THE FIRST CHALLENGE for a minority government in any democracy is to build bridges with other political parties in the interests of good governance and its own survival. The United People's Freedom Alliance that formed a minority government in Sri Lanka after the recent parliamentary elections has conspicuously failed to do this. The defeat of the UPFA candidate in the Speaker's election — its very first parliamentary test — was the result of a series of steps taken by the new government that showed little appreciation of its lack of a majority in Parliament, and had the net effect of putting off potential allies instead of winning them over. Foremost among these seems to have been the inability of the main constituents of the UPFA — the Sri Lanka Freedom Party and the Janatha Vimukthi Peramuna — to agree on the distribution of portfolios. Their unseemly public bickering so early in what should have been a honeymoon period in government sent out the wrong signals. Promised a key Ministry before the election, the JVP, which played a big role in the UPFA win, expected President Chandrika Kumaratunga, the leader of the coalition, to keep her part of the bargain. The party was understandably disappointed with being let down.
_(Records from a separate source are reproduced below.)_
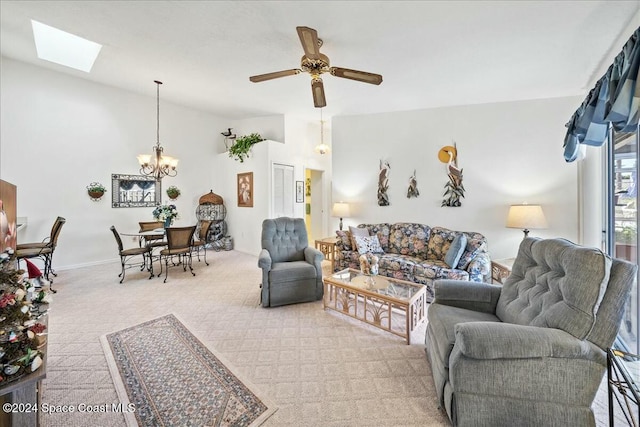 carpeted living room featuring ceiling fan with notable chandelier and a skylight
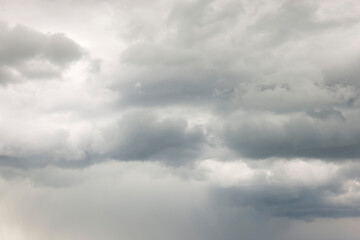 Naklejka na ściany i meble Overcast grey sky with clouds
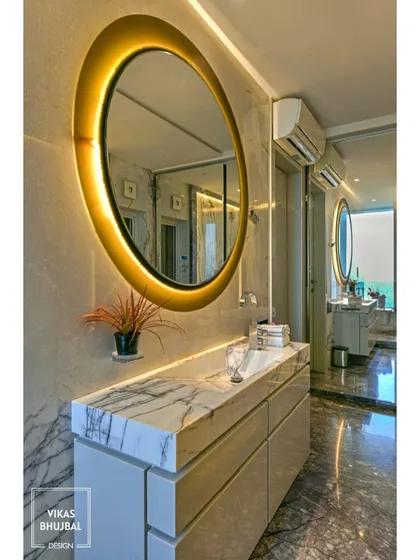 A backlit round mirror serves as the centerpiece of this vanity area. The marble countertop and sleek cabinetry provide ample storage, combining functionality with high-end design.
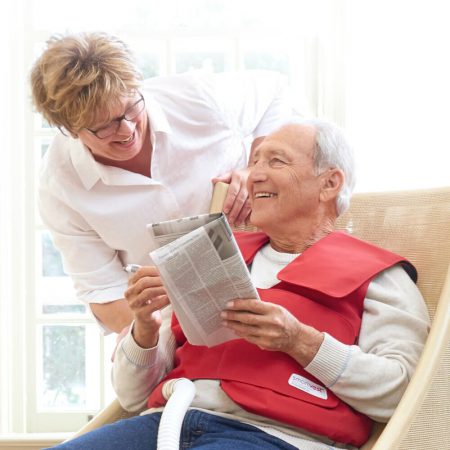 A woman leans over to greet a man while he is doing his SmartVest session
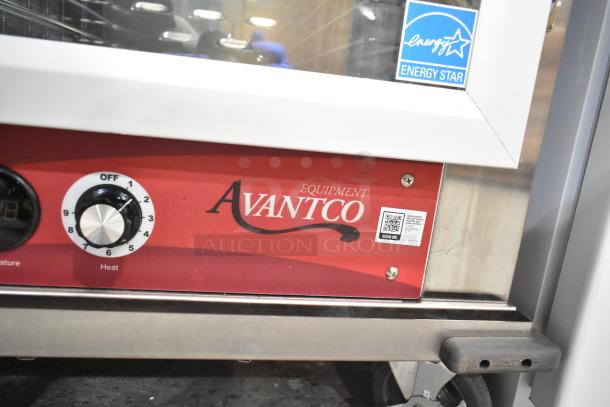 Avantco 177HTESC1836 heated holding cabinet with clear door, Energy Star label, temperature dial, and QR code on red panel.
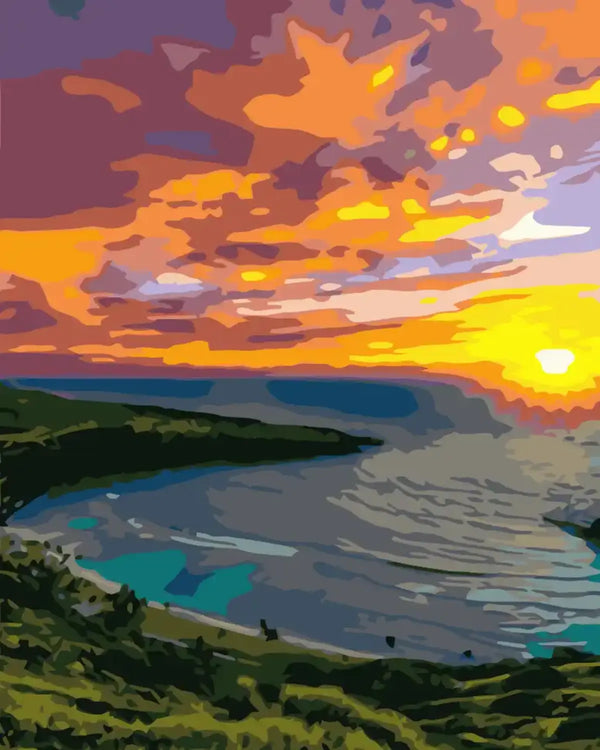 Vibrant sunset over an ocean bay with lush green hills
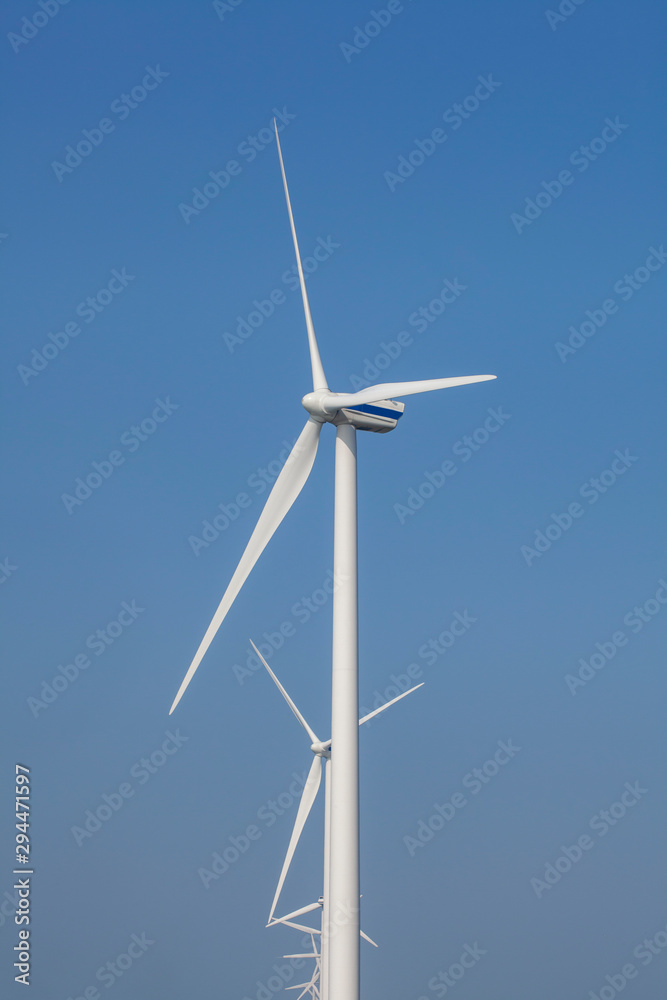 A Modern Wind Farm consisting of Wind Turbines with Two and Three Blades along the Shore of Veluwemeer under Partly Cloudy and Blue Sky in the Netherlands A Modern Wind Farm consisting of Wind Turbines with Two and Three Blades along the Shore of Veluwemeer under Partly Cloudy and Blue Sky in the Netherlands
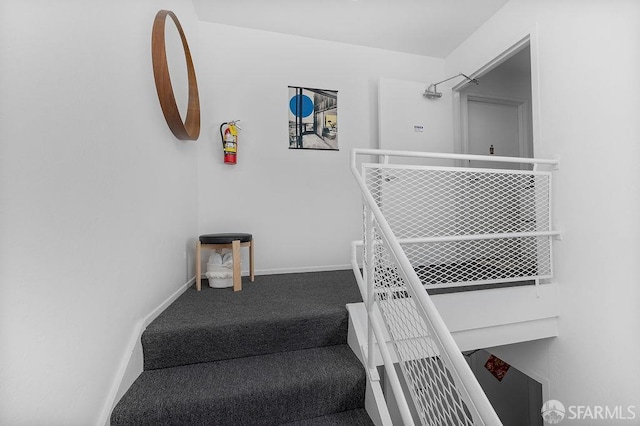 stairway featuring carpet and baseboards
The ensuing cold war within the UPFA has given the impression of a coalition that cannot negotiate the demands of its own constituents, let alone outside allies.

Moreover, President Kumaratunga's decision to give priority to the task of changing the country's Constitution was not a well-judged gambit for winning friends. The 1978 Constitution is undeniably the root cause of many of Sri Lanka's political woes today, including the difficulties it places, through the proportional representation election system, for any party to win an outright majority in Parliament. But minority parties representing Tamils and Muslims view proportional representation as the only way to gain empowerment in a non-federal political system. The appointment of a committee by President Kumaratunga to work out a framework for a new Constitution that would bring in the first-past-the-post system and her promise to implement this change bypassing Parliament naturally caused disquiet among minority parties that could have helped the Government shore up a working majority. The UPFA also managed to antagonise the Jathika Hela Urumaya, a new party of Buddhist monks that has nine members in Parliament, by attempting to split it on the eve of the Speaker's election. In the event, it was not surprising that a candidate of the Opposition United National Party won the election by one vote. All in all, the new Government mismanaged an event of crucial importance for its future and that of the country, starting off its term in office on a note of uncertainty and bitter acrimony.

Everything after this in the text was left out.